Ryan Butler is an unhappy corporate attorney in an unhappy marriage – a man who is only pretending to be alive. At the urging of his class-fixated wife, he is slogging his way towards a partnership in his fusty Main Line firm when his life takes a turn into the sinister. He learns that an old friend and baseball teammate is in an extraordinary type of coma, and this old friend’s gorgeous wife is in need of his help in many ways.
Butler is bumped off a life course he has regretted and rues and readily lets himself be drawn into an adventure to save his friend, as well as complete strangers, and, perhaps, himself. His journey of escape leads him from the East Coast to the West, and on to the Midwest, and finally to a Caribbean isle where the barkeeps might keep secrets darker than their rum.
As Butler goes further off path, he loses track of who he can trust: his government, his wife, his friend’s wife, the police.
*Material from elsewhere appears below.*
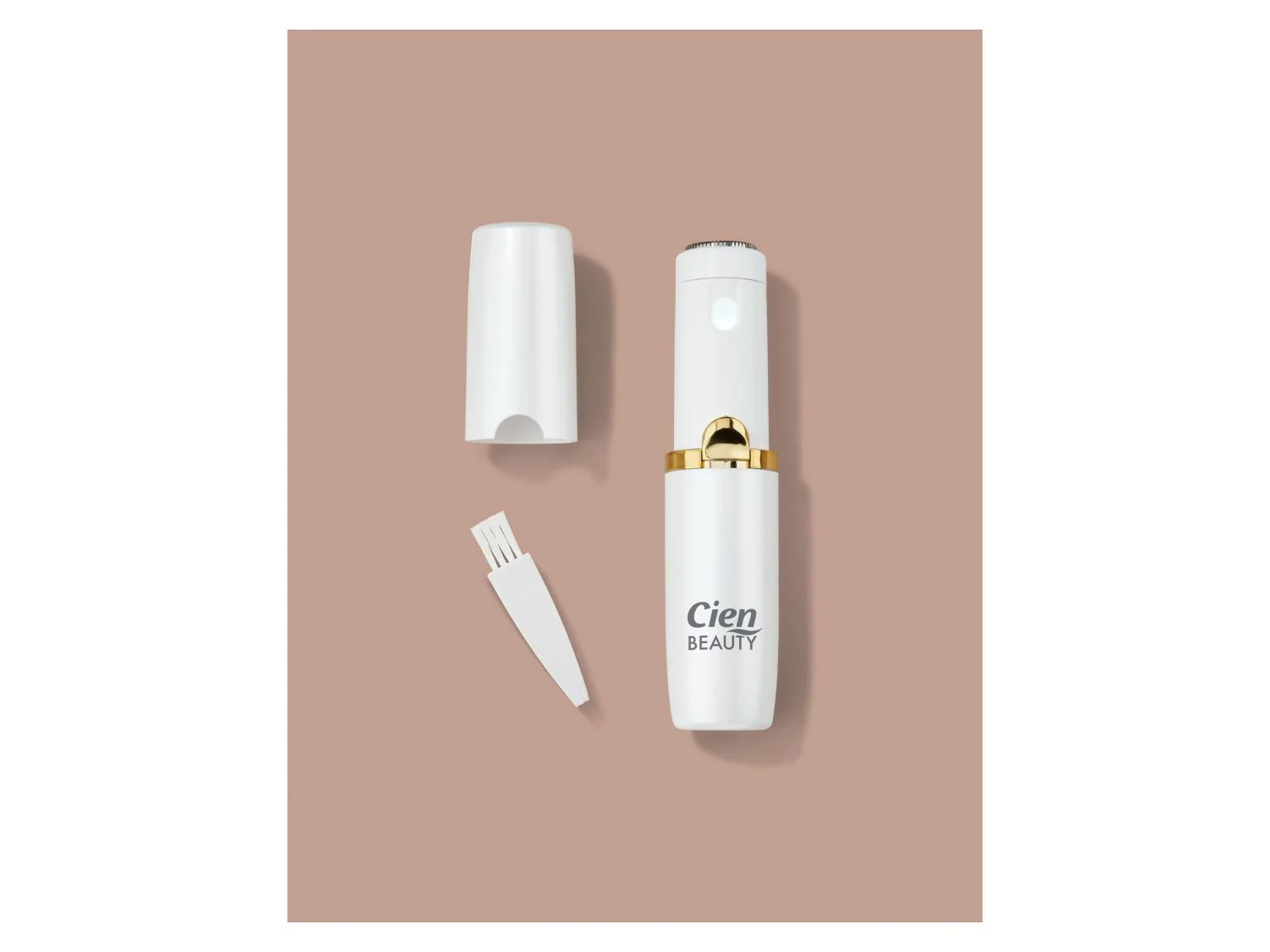 CIEN Beauty Rasoir pour visage CGH 1.5 A1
So, the plot readily builds in tension from page to page and brings the reader along for the ride.
The author obviously likes his characters, human flaws and all, and consequently, so does the reader. (Butler engages in some ethically challenged behavior; but who wants a perfect hero?) Lubitz keeps the action quickly apace but rolls up the story with a not-so-tidy ending, leaving readers with another mystery: what will become of his remaining characters? For that, he announces that a sequel in the works.